— Assignment —
The result should be the lines from the one that contains "2018 Hyundai iLoad, photo 3" to the final line of the entries below, copied exactly and with no pictures.

[Image-text web data]
⁂

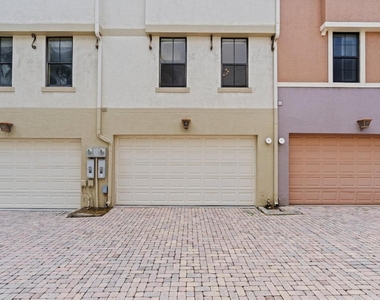 687 Hibiscus Street - Photo Thumbnail 28
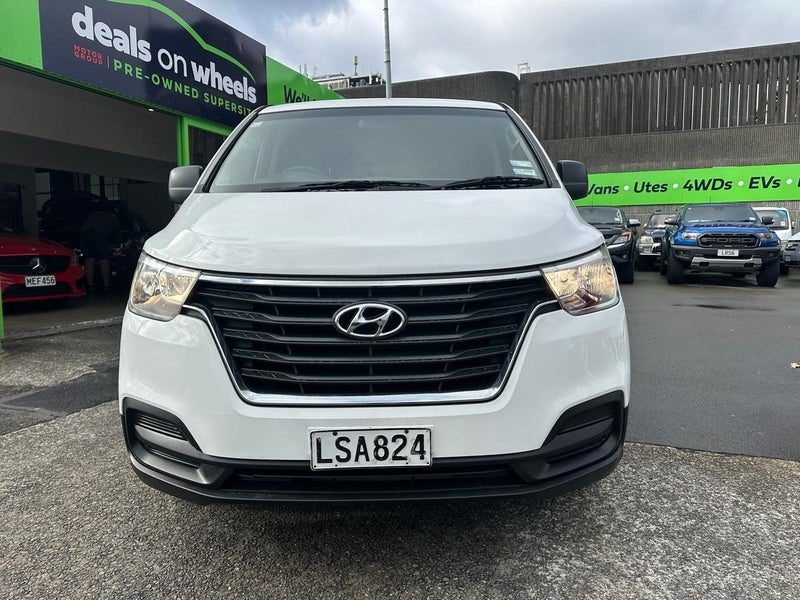 2018 Hyundai iLoad, photo 3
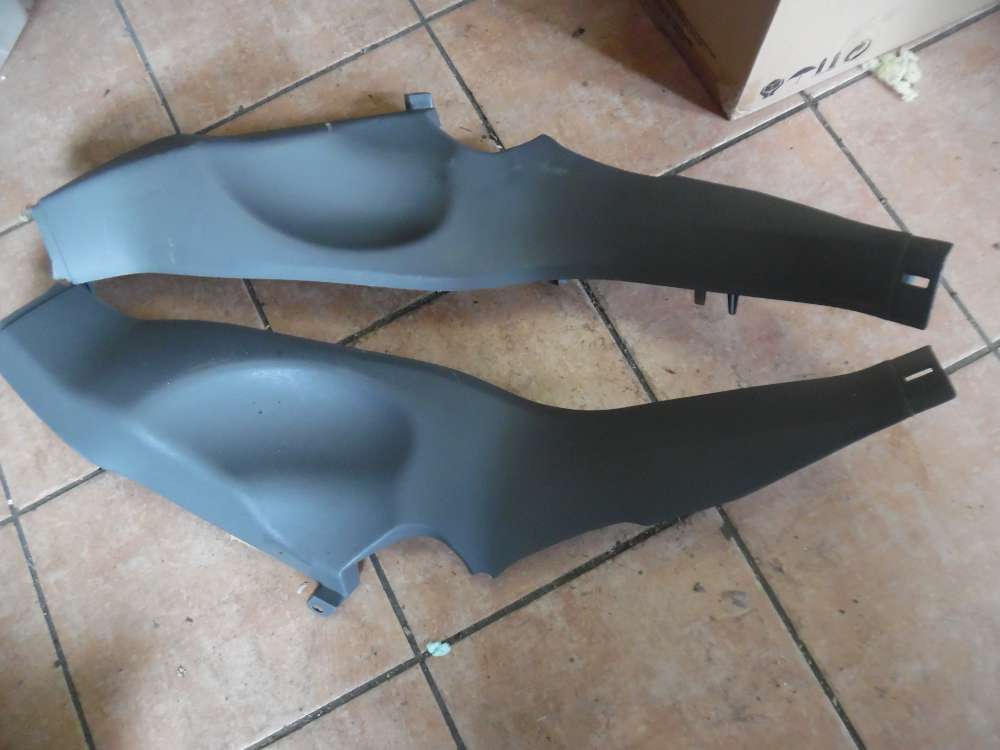 Ford Fusion JU Verkleidung Abdeckung Hinten 2N11-N31016 / 2N11-N31017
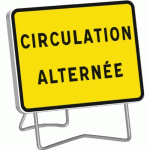 PANNEAU DE SIGNALISATION "CIRCULATION ALTERNEE" - CLASSE T1 - 800X600 MM TALIAPLAST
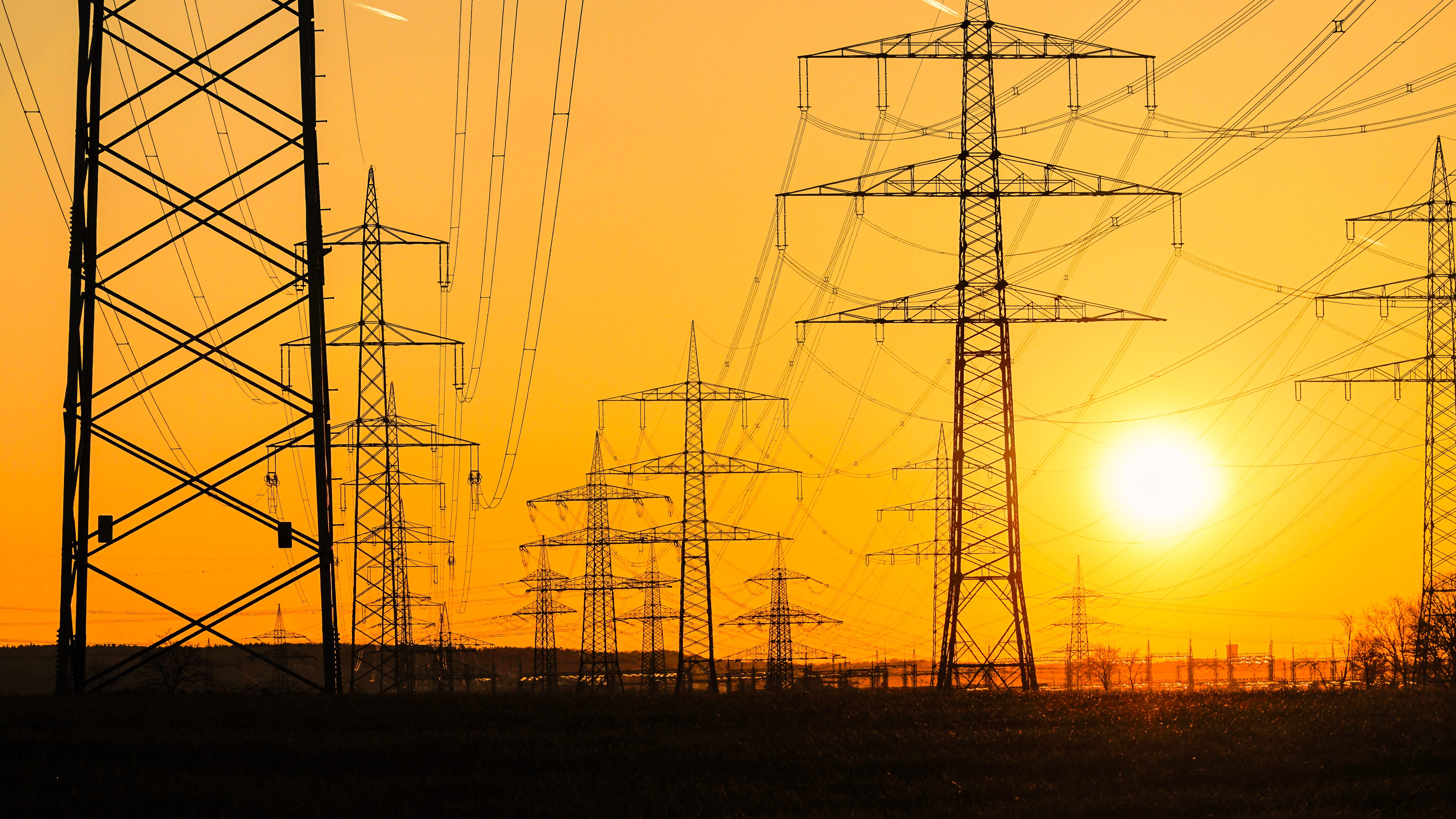Com Ed increases rates to invest more in energy efficiency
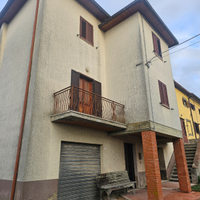 Casa a Montecchio Cortona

⁂

— Reply —
 2018 Hyundai iLoad, photo 3
 Ford Fusion JU Verkleidung Abdeckung Hinten 2N11-N31016 / 2N11-N31017
 PANNEAU DE SIGNALISATION "CIRCULATION ALTERNEE" - CLASSE T1 - 800X600 MM TALIAPLAST
Com Ed increases rates to invest more in energy efficiency
 Casa a Montecchio Cortona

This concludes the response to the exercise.